The Right Internship

Headshot of Juliet H.

Juliet Hulme, RWU Class of 2019

Major:  Public Relations

Senior public relations major, Juliet Hulme knew that looking for, and landing the right internship wasn’t going to be easy. With an abundant amount of PR internship positions available, it was hard for her to narrow down and find just the right one. And while she had the necessary skills to succeed in a PR position, she needed a strong resume and cover letter to stand out against other candidates. This is where having RWU’s Center for Career and Professional Development (CCPD) as a resource made all the difference.

The CCPD helps students with their internship and career path by providing students resources and networking opportunities that can help them lead to success. With help from the CCPD, Hulme was able to construct a strong, professionally worded resume and cover letter and received tips on how to present herself during an interview. That work paid off because Hulme secured a summer internship in sunny Newport, Rhode Island with the Newport Gulls baseball team that allowed her to deepen her understanding of public relations within a non-profit setting.

Hulme learned very quickly that her internship wouldn’t be the traditional PR internship of writing press releases and helping with research. To succeed, Hulme had to tap into her event planning and community outreach skills. Thank to the wide range of knowledge she’s learned in her courses, she was more than up to the task.

Hulme helped in the day-to-day field operations, such as pre-game ceremonies and the in-between inning mini-games. She coordinated the Baseball Buddies program, where little league players run out alongside a Gulls player before each game begins, and she worked to bring the baseball players into local elementary schools to read to students. Hulme’s biggest undertaking, however, was coordinating the 5-week youth summer camp.

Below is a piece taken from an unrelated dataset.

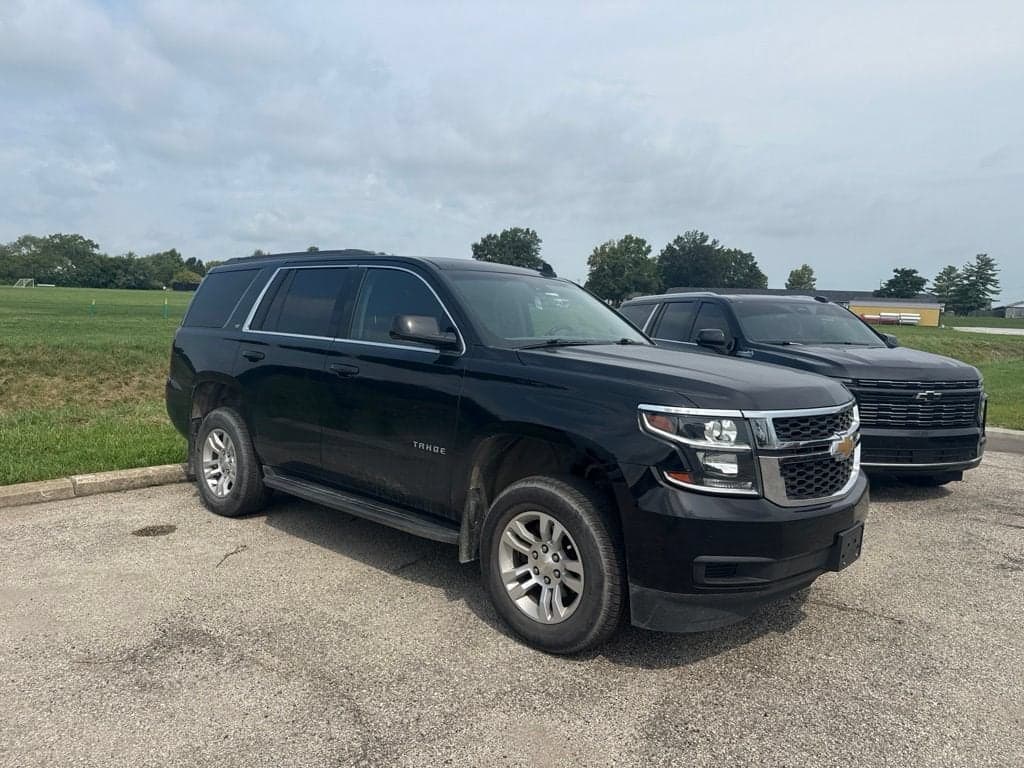 2019 Chevrolet Tahoe LT — photo 1 of 3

This required countless hours of registering children and validating payments, while also contacting local social services, schools and little leagues to distribute scholarships to children whose families didn't have the funds to participate in the camps.

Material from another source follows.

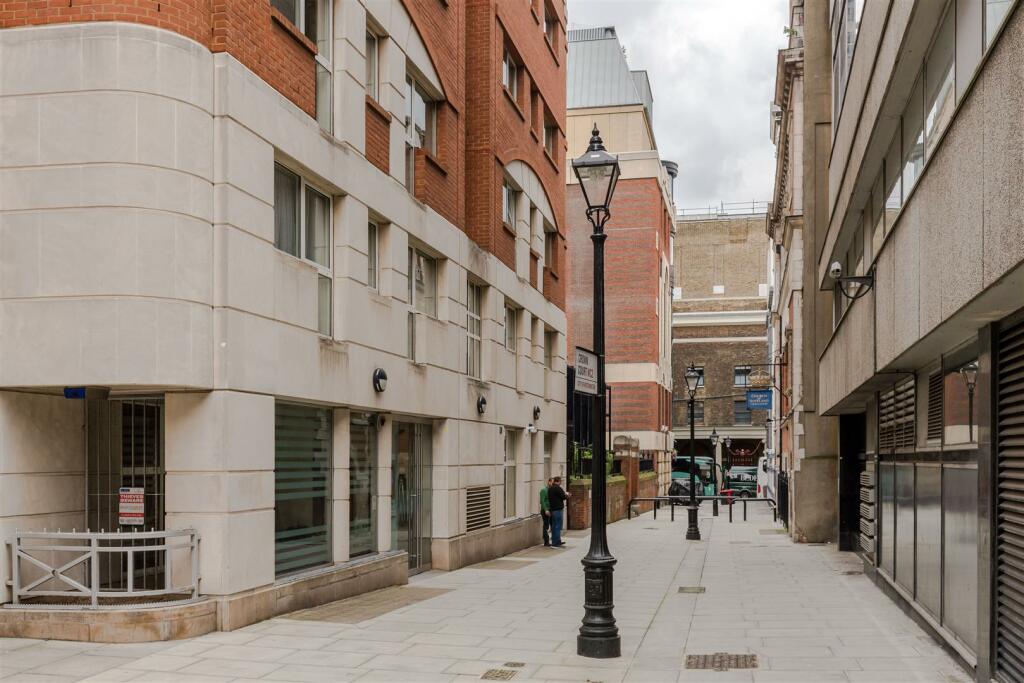 18 Charter House-13.jpg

“Public relations is all about creating relationships with people in the community that are mutually beneficial,” Hulme says. “Not only do you have to help out your client, but you’re working to make them look good in the eyes of the community, creating a good image for both yourself and the organization.”

The internship may not have taken the traditional PR role Hulme was expecting, but she says it allowed her to use what she learned in the classroom and put it into a real organization. This experience was exactly the right internship she needed for her career path, Hulme said, because it opened her eyes to working for a non-profit organization in the sports industry – a track she hadn’t considered before.